Interview de Messali Hadj réalisée par M’hamed Ferid Ghazi et Georges-Albert Astre parue dans Action, 8e année, n° 376, semaine du 13 au 19 décembre 1951

La personnalité de Messali Hadj est assurément l’une des plus marquantes de l’Islam moderne. Président du Parti du Peuple Algérien et président d’honneur du M.T.L.D. (Mouvement pour le Triomphe des Libertés Démocratiques), qui groupent aujourd’hui une grande partie des forces vives du peuple algérien, cet homme de cinquante-trois ans est resté profondément fidèle à ses origines prolétariennes ; il est un ardent défenseur de la communauté musulmane et fut élu vice-président du Congrès Islamique de Karachi, en février dernier.
Il a bien voulu nous accorder un large entretien, dans sa résidence de Chantilly (le « gouvernement » de Vichy l’ayant interdit de séjour en Seine et Seine-et-Oise, cette interdiction a été maintenue). Ses déclarations revêtent une importance toute particulière au moment où les pays arabo-musulmans prennent si fortement position pour une politique d’indépendance et de dignité, à l’heure où le Maghreb se sent étroitement solidaire des peuples en lutte dans tout le Moyen-Orient. Lui-même vient de rentrer d’un long voyage, qui l’a conduit au pèlerinage de la Mecque et en divers pays d’Orient.
Nous demandons à Messali ses impressions sur cette sorte d’ « ambassade » dans les capitales de l’Islam. Il a un large sourire.
– Ambassade ? Si vous voulez. En fait, je fus le dernier pèlerin qu’on laissa partir d’Algérie ! J’avais demandé au gouvernement de l’Algérie l’autorisation de me rendre à la Mecque ; j’attendis quatre mois une réponse qui faillit ne venir jamais.
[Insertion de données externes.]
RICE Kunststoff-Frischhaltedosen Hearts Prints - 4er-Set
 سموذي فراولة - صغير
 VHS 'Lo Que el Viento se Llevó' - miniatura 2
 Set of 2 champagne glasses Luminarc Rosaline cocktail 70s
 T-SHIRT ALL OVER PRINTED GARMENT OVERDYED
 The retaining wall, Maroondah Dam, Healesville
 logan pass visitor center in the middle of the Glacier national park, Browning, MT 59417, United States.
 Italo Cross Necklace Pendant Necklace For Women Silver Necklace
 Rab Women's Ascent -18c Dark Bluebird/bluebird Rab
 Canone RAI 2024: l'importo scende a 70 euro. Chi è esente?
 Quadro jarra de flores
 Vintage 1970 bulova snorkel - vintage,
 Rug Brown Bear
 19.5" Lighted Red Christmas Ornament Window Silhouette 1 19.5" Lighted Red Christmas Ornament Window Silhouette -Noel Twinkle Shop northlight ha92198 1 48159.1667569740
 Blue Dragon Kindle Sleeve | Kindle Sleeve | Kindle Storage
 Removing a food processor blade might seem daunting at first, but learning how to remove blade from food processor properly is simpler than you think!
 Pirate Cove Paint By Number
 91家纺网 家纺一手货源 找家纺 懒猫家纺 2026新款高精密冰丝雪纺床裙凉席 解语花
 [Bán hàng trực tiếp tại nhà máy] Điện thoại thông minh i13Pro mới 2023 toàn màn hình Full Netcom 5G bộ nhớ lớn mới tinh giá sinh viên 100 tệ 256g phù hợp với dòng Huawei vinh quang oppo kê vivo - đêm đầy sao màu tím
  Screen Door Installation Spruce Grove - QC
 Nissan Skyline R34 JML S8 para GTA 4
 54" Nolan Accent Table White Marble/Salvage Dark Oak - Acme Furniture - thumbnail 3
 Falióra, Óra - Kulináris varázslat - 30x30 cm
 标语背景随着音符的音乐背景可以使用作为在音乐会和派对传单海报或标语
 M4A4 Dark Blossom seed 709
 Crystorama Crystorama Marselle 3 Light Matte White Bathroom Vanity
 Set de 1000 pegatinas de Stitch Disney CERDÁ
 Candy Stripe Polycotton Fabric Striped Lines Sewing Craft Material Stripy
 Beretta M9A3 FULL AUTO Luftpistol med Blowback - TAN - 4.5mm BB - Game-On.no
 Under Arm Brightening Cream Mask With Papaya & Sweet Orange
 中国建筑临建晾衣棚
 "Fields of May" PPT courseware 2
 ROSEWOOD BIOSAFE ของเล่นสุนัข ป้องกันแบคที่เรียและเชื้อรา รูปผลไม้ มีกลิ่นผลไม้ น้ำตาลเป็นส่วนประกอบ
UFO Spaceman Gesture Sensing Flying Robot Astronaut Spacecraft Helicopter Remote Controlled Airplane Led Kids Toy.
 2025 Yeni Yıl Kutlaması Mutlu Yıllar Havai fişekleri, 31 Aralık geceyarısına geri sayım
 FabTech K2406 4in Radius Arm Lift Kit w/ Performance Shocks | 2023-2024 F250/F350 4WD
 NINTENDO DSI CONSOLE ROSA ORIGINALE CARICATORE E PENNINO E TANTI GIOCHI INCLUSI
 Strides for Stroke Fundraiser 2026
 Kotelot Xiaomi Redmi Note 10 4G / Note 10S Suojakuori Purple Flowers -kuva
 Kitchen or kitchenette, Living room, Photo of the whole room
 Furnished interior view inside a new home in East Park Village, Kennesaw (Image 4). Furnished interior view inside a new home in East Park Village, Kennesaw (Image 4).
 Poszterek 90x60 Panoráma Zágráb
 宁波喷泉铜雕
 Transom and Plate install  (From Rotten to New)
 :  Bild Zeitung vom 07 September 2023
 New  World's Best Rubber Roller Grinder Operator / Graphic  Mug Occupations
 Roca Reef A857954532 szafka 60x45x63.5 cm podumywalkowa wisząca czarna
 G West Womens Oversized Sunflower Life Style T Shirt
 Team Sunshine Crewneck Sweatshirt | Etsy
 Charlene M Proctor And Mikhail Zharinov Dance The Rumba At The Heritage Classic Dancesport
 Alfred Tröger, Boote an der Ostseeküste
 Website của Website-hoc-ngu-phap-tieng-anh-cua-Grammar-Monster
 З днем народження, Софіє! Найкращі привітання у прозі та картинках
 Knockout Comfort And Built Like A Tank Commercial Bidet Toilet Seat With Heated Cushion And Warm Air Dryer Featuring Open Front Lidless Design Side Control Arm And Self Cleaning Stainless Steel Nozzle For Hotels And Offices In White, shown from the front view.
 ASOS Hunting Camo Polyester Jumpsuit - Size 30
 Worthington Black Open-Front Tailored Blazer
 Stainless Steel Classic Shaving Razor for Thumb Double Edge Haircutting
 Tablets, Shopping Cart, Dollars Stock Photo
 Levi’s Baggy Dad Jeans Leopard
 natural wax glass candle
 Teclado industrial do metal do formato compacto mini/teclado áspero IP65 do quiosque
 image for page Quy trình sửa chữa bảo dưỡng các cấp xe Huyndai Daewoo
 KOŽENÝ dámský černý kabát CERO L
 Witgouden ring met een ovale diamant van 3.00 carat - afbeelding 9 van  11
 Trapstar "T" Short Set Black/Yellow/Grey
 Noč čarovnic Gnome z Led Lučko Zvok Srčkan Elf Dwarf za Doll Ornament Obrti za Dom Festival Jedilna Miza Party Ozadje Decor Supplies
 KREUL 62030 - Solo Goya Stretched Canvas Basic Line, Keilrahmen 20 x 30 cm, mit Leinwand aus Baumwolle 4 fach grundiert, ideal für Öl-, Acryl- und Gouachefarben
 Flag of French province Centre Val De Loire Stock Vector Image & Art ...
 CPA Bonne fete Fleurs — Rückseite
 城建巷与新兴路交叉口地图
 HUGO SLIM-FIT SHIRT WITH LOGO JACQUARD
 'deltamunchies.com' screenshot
On m’accorda le voyage, à condition expresse d’emprunter l’avion et de ne faire halte en aucun pays. Le gouvernement français avait spécifié sur mon passeport » interdiction de donner un visa pour tout pays autre que l’Arabie séoudite ». Bien entendu, aucun gouvernement arabe ne se soumit à cette prescription. Je fus donc l’hôte aussi bien d’Ibn Seoud que de la Ligue arabe en Egypte, où je passai quarante jours.
– Ces interdictions, semble-t-il, sont devenues la règle dès qu’il s’agit des représentants de l’Islam ! Le peuple français a été fort ému d’apprendre que la réception organisée par les Algériens de France, à l’intention des délégations arabo-musulmanes de l’O.N.U., avait été interdite samedi dernier ; nous savons, du reste, que les quinze mille arrestations opérées dans la soirée du 8 décembre prouvent l’ampleur la manifestation prévue. Pourriez-vous commenter cette interdiction et nous préciser la signification d’un geste si peu courtois et si peu opportun ?
– Comme vous l’avez dit, il s’agissait non d’un meeting mais d’une réception organisée par tous les Algériens de toutes les tendances, et l’on pourrait se livrer à de multiples considérations sur ce geste regrettable du gouvernement ! Il m’apparaît que l’impérialisme français, se trouvant désormais à bout d’arguments (son attitude à la commission des Tutelles de l’O.N.U. en témoigne), a été acculé à ce moyen si impopulaire pour cacher les dessous de sa politique coloniale. Les travailleurs algériens auraient eu enfin le moyen de dire leur situation à leurs frères arabes des pays orientaux. Quelle atteinte pour un gouvernement qui n’a cessé de vouloir séparer l’Algérie du reste du monde arabo-islamique (c’est là qu’il faudrait parler de « rideau de fer ») et qui a fondé sa politique coloniale, en ce qui nous concerne, sur un « berbérisme » créé de toutes pièces. Du reste, l’opinion publique française aurait pu connaitre de la sorte les dessous de cette politique, en entendant les représentants qualifiés du peuple algérien dire à leurs frères leur douleur, leurs aspirations, leurs espérances, et cela, il fallait évidemment l’éviter.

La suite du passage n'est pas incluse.